The timeline could be peppered with wars and conquests. However, I think it is more interesting to note the correlation between the progression of the Industrial Revolution which was seeded well before the sometimes quoted start of 1760's and the proliferation of a more effective road transport network between 1700 and 1750 which together with the canal network for bulk transport provided an implementor or enabler for the revolution. Challenged by the railway boom of the 1840s and set on a route of decline. The agricultural revolution was also an enabler of the Industrial Revolution and was approximately concurrent. An article on this site is about the Tolpuddle Martyrs. The change in agriculture provided the migration to the cities to provide the labour force for the new factories. Or was the cause and effect the other way around? A definite interdepence of all of the circumstances.

Back to the first question

What have Turnpikes to do with my family tree and history? Well I have an interest in people migration as part of Family History. That can be Joan Hurst and others travelling on the Mayflower to colonize North America, The Leventhal Brothers, Russian Jews escaping current Poland first to USA and then to Australia, or more local migrations from Dorset to Hampshire. The socio/economic migrations are also reflected on a smaller scale within generations of the same family and within the confines of a single Parish or County area.

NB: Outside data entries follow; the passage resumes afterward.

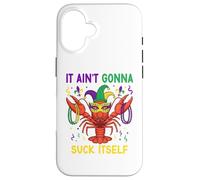 Carcasa para iPhone 16 It Ain't Gonna Suck Itself Crawfish Funny Mardi Gras Party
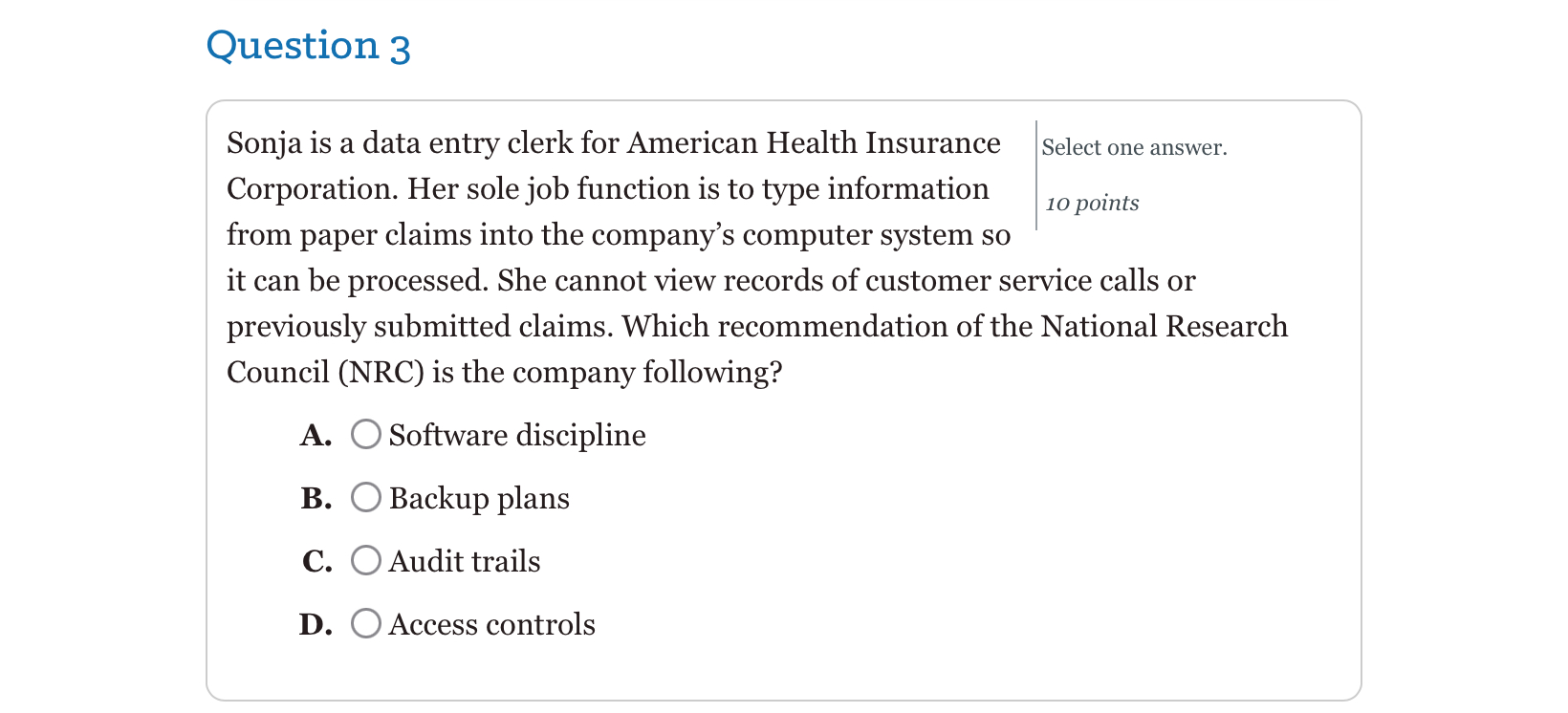  Question 3 Sonja is a data entry clerk for American Health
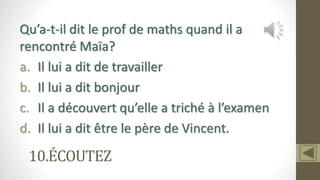 10.ÉCOUTEZ
Qu’a-t-il dit le prof de maths quand il a
rencontré Maïa?
a. Il lui a dit de travailler
b. Il lui a dit bonjour
c. Il a découvert qu’elle a triché à l’examen
d. Il lui a dit être le père de Vincent.
 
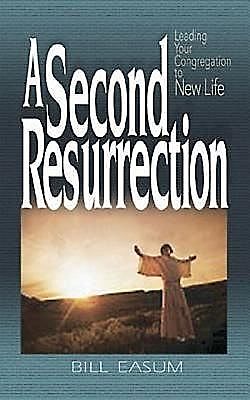 A Second Resurrection, Bill Easum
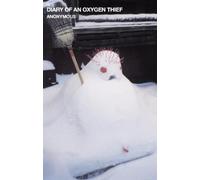 Anonymous Diary of an Oxygen Thief (Poche) Oxygen Thief Diaries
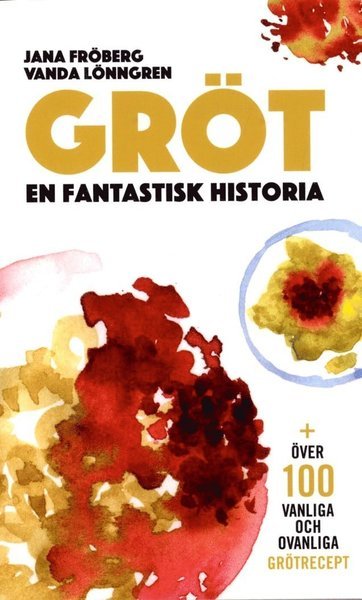 Vanda Lönngren · Gröt : en fantastisk historia (Paperback Book) (2016)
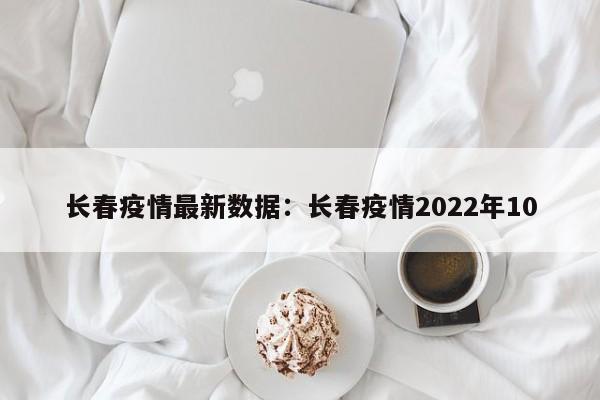 长春疫情最新数据：长春疫情2022年10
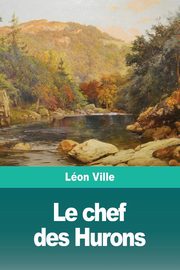 ksiazka tytu: Le chef des Hurons autor: Ville Lon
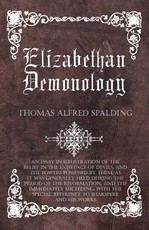 Elizabethan Demonology - An Essay in Illustration of the Belief in the Existence of Devils, and the Powers Possessed by Them, as It Was Generally Held During the Period of the Reformation, and the Immediately Succeding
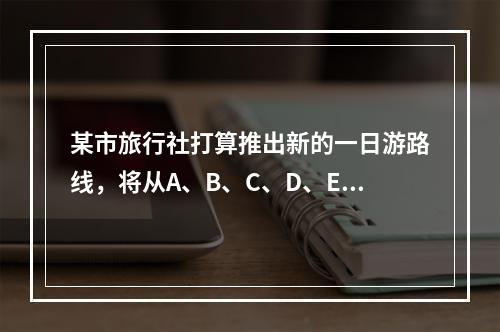 某市旅行社打算推出新的一日游路线，将从A、B、C、D、E这五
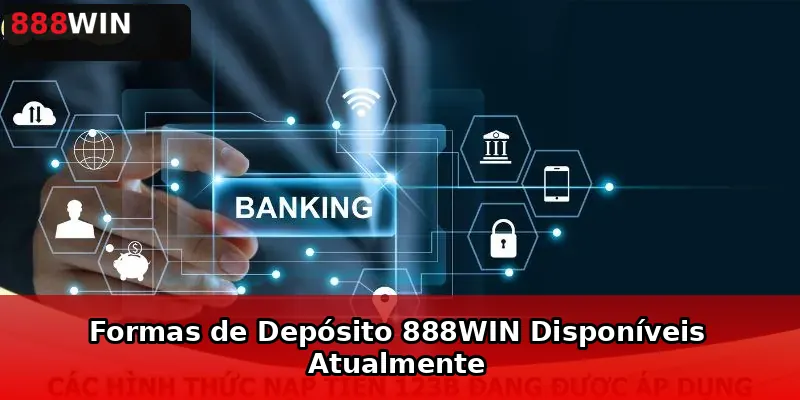 Formas de Saque 888WIN Disponíveis Atualmente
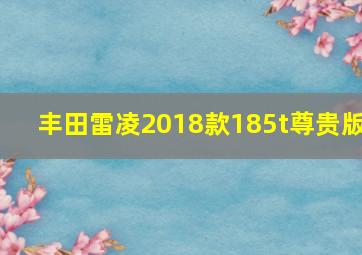 丰田雷凌2018款185t尊贵版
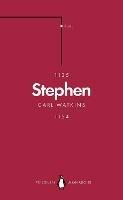 Stephen (Penguin Monarchs): The Reign of Anarchy - Carl Watkins - cover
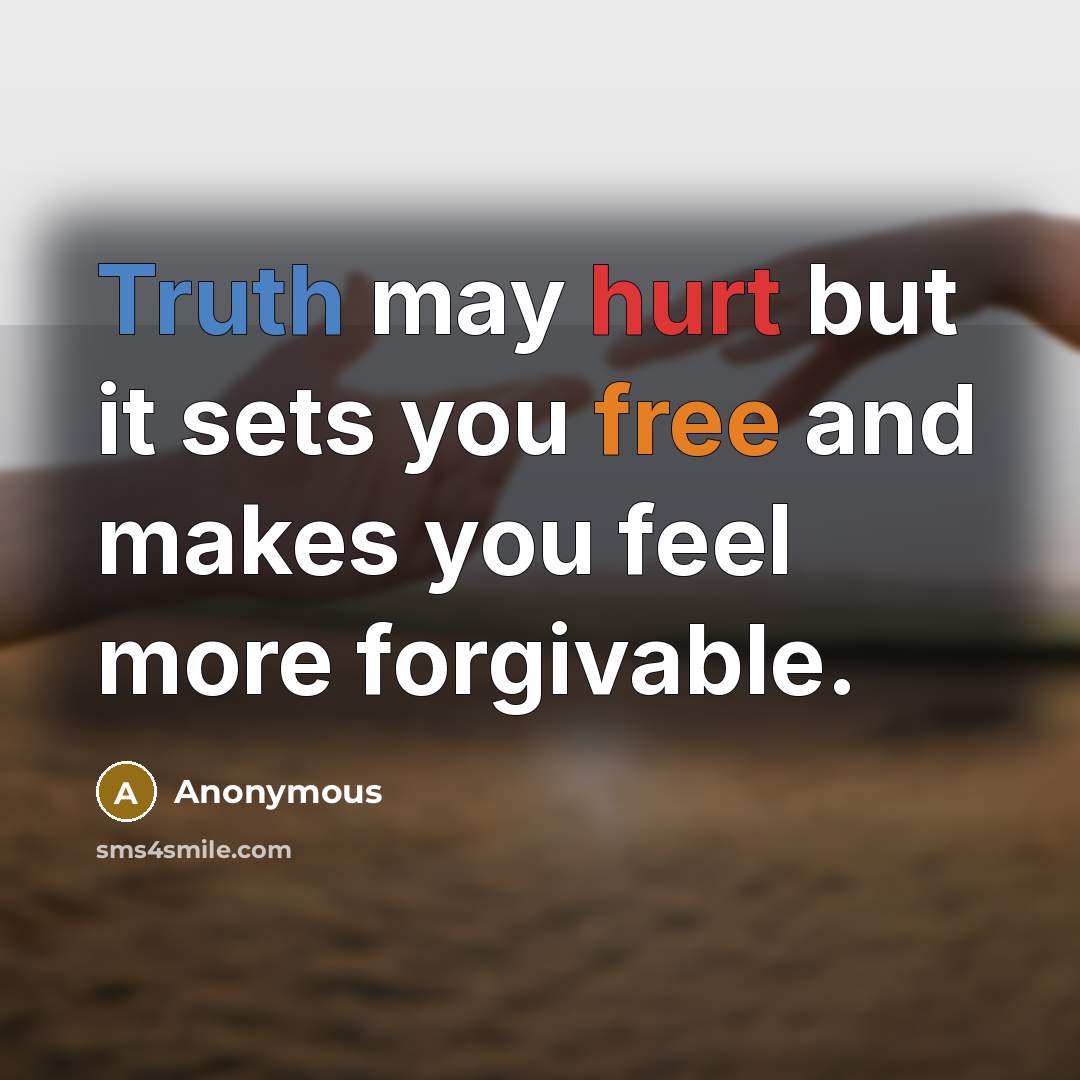 “Truth may hurt but it sets you free and makes you feel more forgivable.” quote by Anonymous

Normally, a search of the census records provide information about a single family on my tree, and the specific data in incorporated in my tree to provide additional information and validity to the persons on my tree. However, if you stand back from that data and look at the whole census for that Parish it can provide a huge amount of additional information ripe for analysis. The first part of the exercise is to establish the boundary of the Parish, and the boundary of the census by looking at the Enumerators Notes on page 1 or 2 of the census. Some of the place names are recognisable and easily found on a current map. Others less so, with road name changes and villages and hamlets being absorbed into larger urban areas. Out comes the old maps, generally from the National Library of Scotland. Access at time of writing is free of charge for non-commercial use. This helps locate more of the places named within the notes. However, using the Millbrook 1841 Census as an example, where the Parish is divided into 7 Districts. Each District is allocated to a different Enumerator, with a distance to travel and a number of homes to ask the required questions, all achievable, within the single census day. Almost all of the notes refer to the Turnpike as part of the route. This cannot be the same Turnpike in all instances because of the physical constraints of the route. Hence it is necessary to understand which roads are Turnpikes and the route they took at the time of the census to help understand the real boundary of the particular Enumeration. Understanding the area helps interpret the locations of the buildings covered within the Census. Named building which correlate with both the area and the Old map can provide a definitive place  on the Enumerator's route. This can be recorded as a form of universal reference such as Latitude and Longitude or What3Words. Older references such as OS Grid can also be converted by sites such as Grid Reference Finder. Ordnance Survey map app can help with current data as well as Google, Bing, and Open Street Map. There are other mapping services available. Using this information I develop a personal Google map with the known information.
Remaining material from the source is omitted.